## TASK INPUT

============

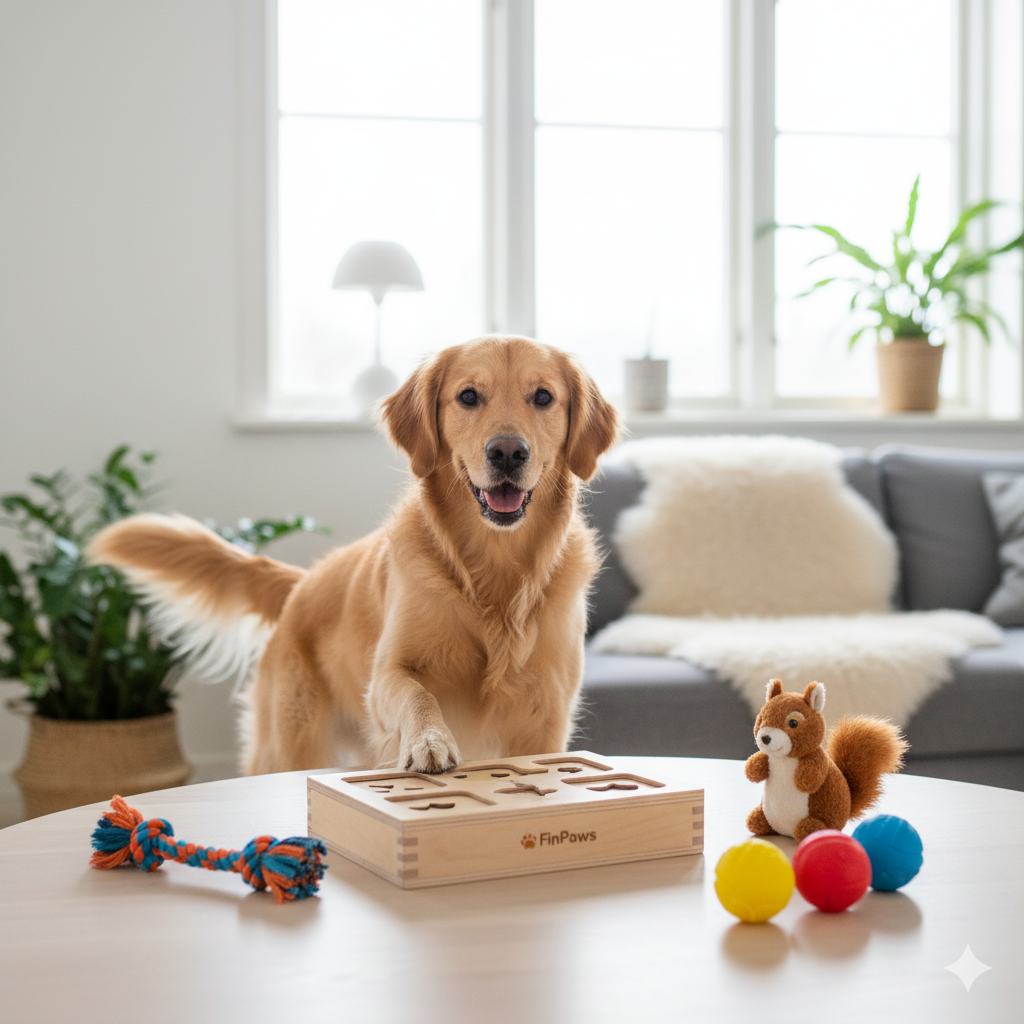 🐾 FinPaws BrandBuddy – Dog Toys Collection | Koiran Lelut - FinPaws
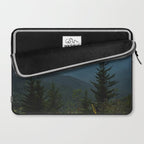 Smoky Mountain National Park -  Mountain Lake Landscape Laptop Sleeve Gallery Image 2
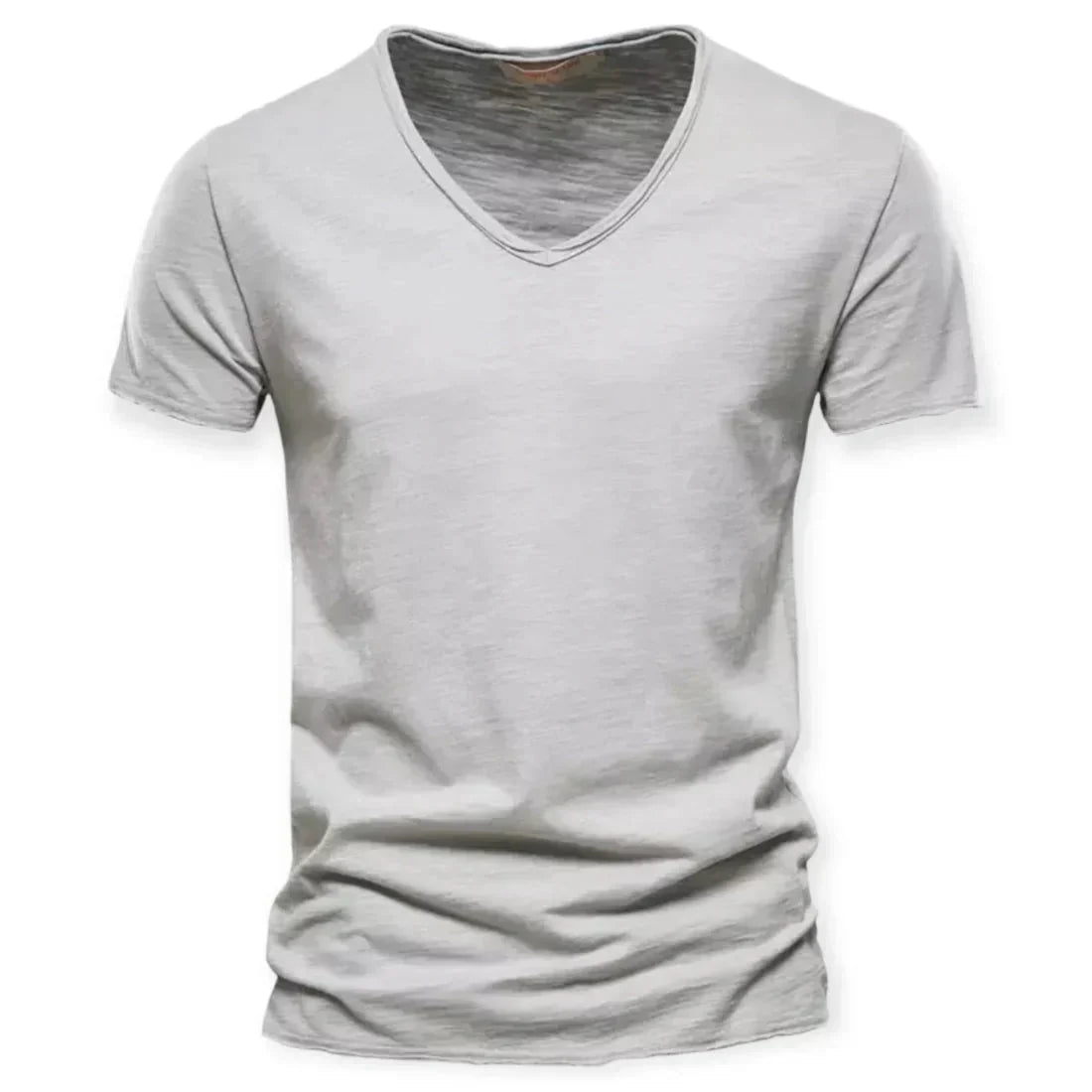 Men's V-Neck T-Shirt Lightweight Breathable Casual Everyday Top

============

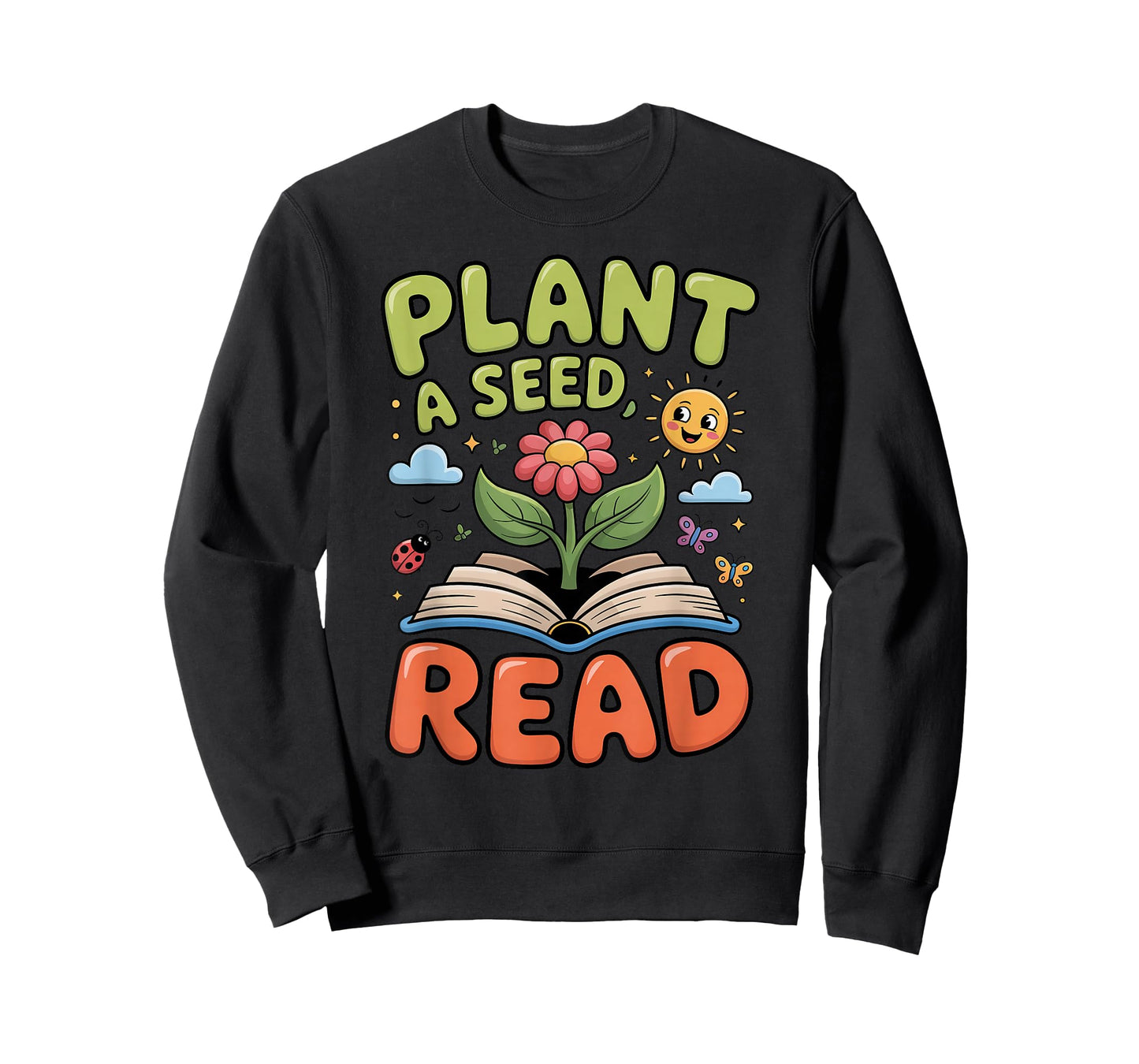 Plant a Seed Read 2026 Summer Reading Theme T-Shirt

============

## TASK OBJECTIVE
Print exactly the lines above that run from the one with "Lelut - FinPaws" down to the one with "Men's V-Neck T-Shirt", and omit the pictures.

## TASK OUTPUT
 🐾 FinPaws BrandBuddy – Dog Toys Collection | Koiran Lelut - FinPaws
 Smoky Mountain National Park -  Mountain Lake Landscape Laptop Sleeve Gallery Image 2
 Men's V-Neck T-Shirt Lightweight Breathable Casual Everyday Top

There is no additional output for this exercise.